By Sebastian Spicker, Managing Director DACH at IFS
Many companies have invested heavily in digitalisation in recent years. While new platforms and AI solutions promise enormous potential in terms of productivity, efficiency and flexibility, quite a few companies are still groping in the dark. And why? Because they have long since lost track of their assets, processes and data – and with it the basis for sustainable, successful digitalisation. The result is strategic flying blind, which only increases the gap between them and their competitors.

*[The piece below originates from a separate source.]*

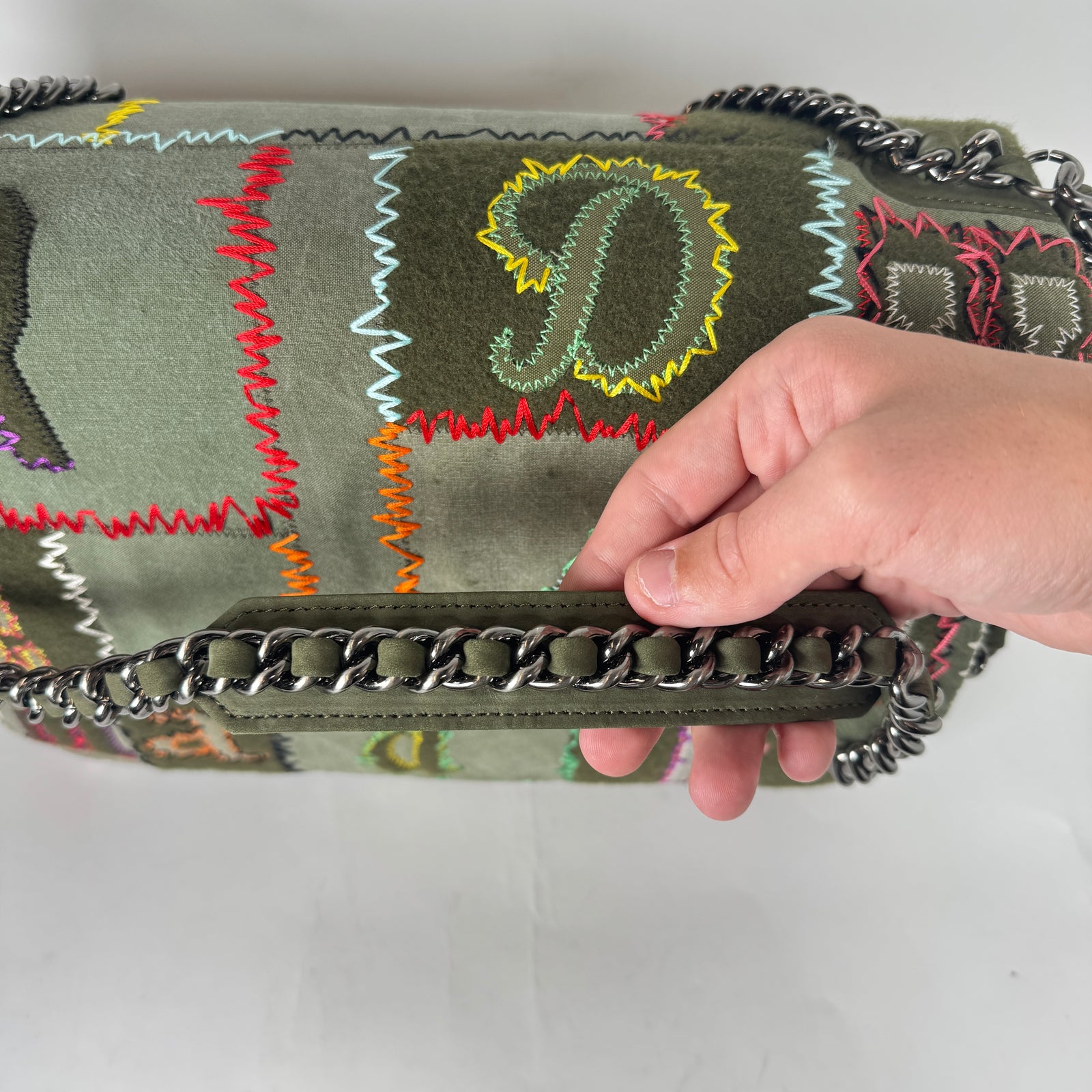 Readymade Khaki Patchwork Big Chain Bag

This dilemma is particularly evident in manufacturing. Those who do not know when machines will break down, which spare parts are available and when, or how supply chains interact, will always act reactively rather than proactively. Predictive maintenance has long been the buzzword, but pure predictions from isolated systems alone are no longer sufficient. Competitive efficiency only arises when companies can actively calculate the best maintenance window – including factors such as capacity utilisation, weather, and technician availability. Those who have this information achieve less downtime and a real boost in productivity. Scenarios like these are no longer a dream of the future, but everyday practice. Provided that the data basis is correct and systems can communicate with each other.
A similar picture emerges in field service management. Many companies and service providers now plan their field service assignments with AI support. But planning only becomes truly intelligent when it is linked to asset management systems. This is the only way to incorporate all relevant information, from maintenance schedules and spare parts to the individual technical requirements of staff. Without this transparency, even the latest AI solution remains a blunt tool.

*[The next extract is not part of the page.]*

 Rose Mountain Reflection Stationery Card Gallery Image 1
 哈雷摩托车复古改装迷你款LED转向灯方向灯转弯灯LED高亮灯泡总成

To achieve this, fundamental expectations of AI and technology must change. After all, they alone cannot solve all the issues currently facing business and industry. They are powerful and effective, no question. But only if companies have the courage to rethink their processes and have the necessary data at their disposal. Of course, this sounds like a mammoth task. But the alternative is more dangerous: those who cling to old processes lose not only efficiency but also competitiveness. Markets are setting new requirements in ever shorter cycles, and technologies are developing faster than many decision-makers can act.
So what can be done? First, companies must create transparency about assets and data flows and take a holistic digital view of processes. Secondly, they must rely on practical AI solutions that have been tested in specific industries instead of getting lost in the variety of standard software. Thirdly, managers should develop an AI-first mindset and involve their employees in the transformation. Only those who understand the added value that technology offers will accept and use it.
Ultimately, it is not a matter of blindly purchasing technologies and somehow integrating them into one’s own IT landscape, but rather of first turning on the light in one’s own systems. Those who succeed in doing so will gain clarity, efficiency and room for manoeuvre. All others will remain in the dark, for better or worse, and risk being overtaken by the competition.